• _YOUR INSTRUCTIONS_:
From the first line to the last, retype everything below exactly, minus the pictures.

• _EXERCISE DATA_:
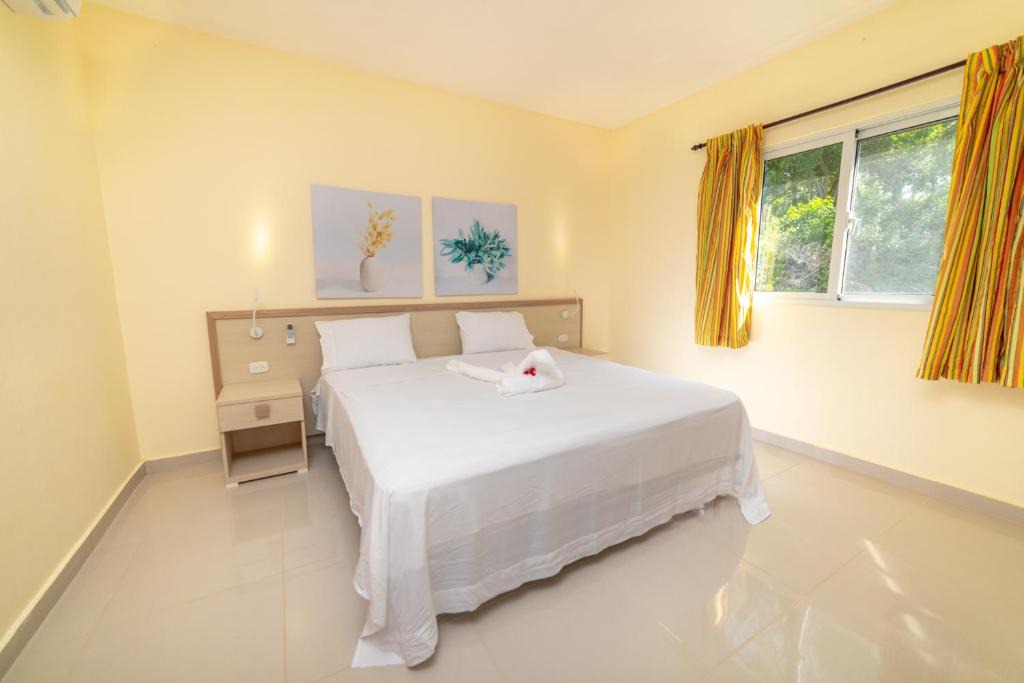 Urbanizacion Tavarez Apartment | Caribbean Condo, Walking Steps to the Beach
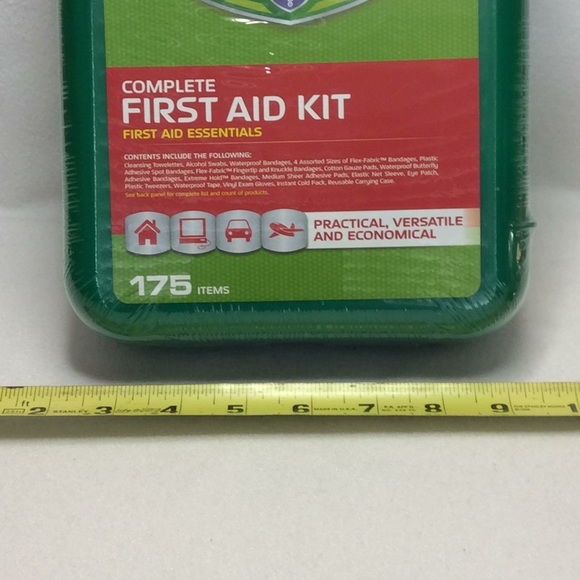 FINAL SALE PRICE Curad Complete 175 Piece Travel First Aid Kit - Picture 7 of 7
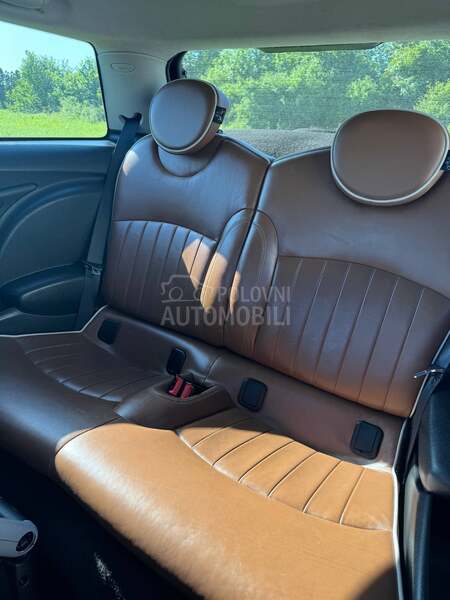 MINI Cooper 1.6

• _RESULT FOR THIS TASK_:
 Urbanizacion Tavarez Apartment | Caribbean Condo, Walking Steps to the Beach
 FINAL SALE PRICE Curad Complete 175 Piece Travel First Aid Kit - Picture 7 of 7
 MINI Cooper 1.6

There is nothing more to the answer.